Roll up random loot for your tabletop game.

Loot tier

A worthwhile haul — useful coin, a gem or two, the odd curio.

Pick a tier and generate a hoard.

Loot tables are original and system-agnostic — "coins" is an abstract value you can read as gold, credits or whatever your ruleset uses, and curios are described by their look rather than any game rules, so you decide what they actually do. Nothing you generate is uploaded or saved. Need an encounter to guard the treasure? See the Encounter Generator.

Processed on your device. We never see your files.

How to use Loot Generator

What this tool does

The Loot Generator rolls up a random treasure hoard for a tabletop role-playing session. You pick a loot tier — Minor, Modest, Rich or Grand — and the tool generates a complete hoard from bundled tables: a quantity of coins, a handful of gems, some mundane items, the occasional piece of well-made gear, and now and then a generically described curio. Each hoard can be rerolled until it suits the moment and copied straight into your session notes.
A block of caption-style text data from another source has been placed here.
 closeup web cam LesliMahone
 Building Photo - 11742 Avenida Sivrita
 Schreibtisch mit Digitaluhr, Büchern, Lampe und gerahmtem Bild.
Everything is system-agnostic. Coins are an abstract value, items are described in plain language, and curios are written by their appearance rather than any rules text. That means a hoard slots into whatever game you run — you supply the statistics and the in-world meaning.

When you’d use it

The obvious moment is the reward. The party clears a den, opens a vault, or defeats something that ought to be carrying treasure, and you need a hoard that feels right for the challenge. Rolling on the matching tier gives you a believable mix of coin and goods in seconds, instead of stalling the table while you invent one.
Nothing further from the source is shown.